# lack of supportive network



## Billybeans (Jun 16, 2012)

Just wanted to ask, if you don't have much of a supportive network close by will this be a major problem with wanting to adopt?
We only really know our next door neighbours, we know 2 other neighbours but they are elderly. Apart from this I have one friend but not a close friend but she has only met me not my DH and other than that it's our parents, we have both sets but they do not live near to us. (Both are 2.5hr drive away) Will this be an issue?


----------



## snapdragon (Jun 27, 2011)

To be honest that could be a problem. Parents being far away shouldn't be an issue, ours are 2 hours and 4 hours away, but your support network does sound very small.  We have been in our current location for about 5 years so don't know that many people but have made friends with a few couples. We don't know them that well but  still put them down. We know lots of other people elsewhere in the country. I think you need to think of ways to  increase your network, people at work maybe or join local groups. Certainly if you present your support network as you have here it won't go down well. Also you will need at least 3 references  from people that know you well.  We had my sister in law, an old friend of my husband who also knows me and an old family friend of mine.


----------



## GERTIE179 (Apr 20, 2005)

Hi,

I think Snapdragons advice is great. You can build a local support network - it doesn't need to be people who will do things for you but you do need to be able to lean on them/seek support. Have a think about who else you can build as a couple - are there any shared interests you have that you can join a club together and meet others like you?

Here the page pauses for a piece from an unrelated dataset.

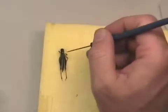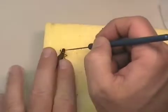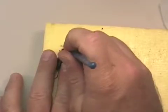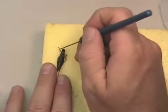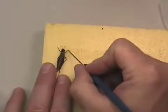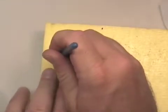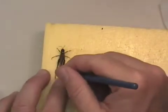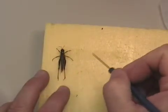We can then use a pointed probe to start to position the antennae and the legs so that it would be easier to see the various tarsal segments on the ends of each leg. If you leave them all tucked underneath, as occurs in most dead insects, it's going to be very difficult to see. It's much nicer to look at an insect that has the legs nicely spread and looks kind of natural.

Other ways to build a local support is think about family centred groups and once you are set on the adoption path youcan look into local adoption groups (ours has a dads only group who meet a couple of times a year). Other things are looking into some volunteer work with children to build on your knowledge and techniques for looking after children especially challenging behaviour.

HTH x


----------



## Billybeans (Jun 16, 2012)

Thankyou. This is what I worry about. I volunteer to help with Brownies. It's difficult for us to do anything together as DH works night and I work days and because of our financial situation that we are trying to get out of. I work 7 days a week and DH works 5-7nights a week so we don't do anything together at the moment. We don't really have many friends at all, we have lived here 5years but we always work. I work from home so don't have work colleagues that I see but do have work colleagues that I can get in touch with ie, phone or internet. We don't have any mutual friends either as we don't go out, too busy trying to work to sort out finances. This is really hard. There's so many things we need to get sorted before I will attempt to apply for adoption it's just never ending.


----------



## GERTIE179 (Apr 20, 2005)

Hi billybeans,

That's a tough set up too. Are there any other work options that maybe you could do together ie rather than current jobs, some p/t work then you could see each other as well?

Or even when you have a few days holiday leave you could arrange to do something that is seasonal /children related.

What about a book club or similar for you when DH working. I find that men over a certain age don't make new friends very easily. They seem to be good at the segregation of work colleagues and old time friends especially when us women generally are the chatty ones. You may find that you meet a few new friends and over time can maybe make couple activities for others to know you well.

If DH working nights then he might be better placed to see about assisting children to read in schools or similar (normally 1 hour a fortnight) that way he can focus on a ref that would cover some if how he is with children.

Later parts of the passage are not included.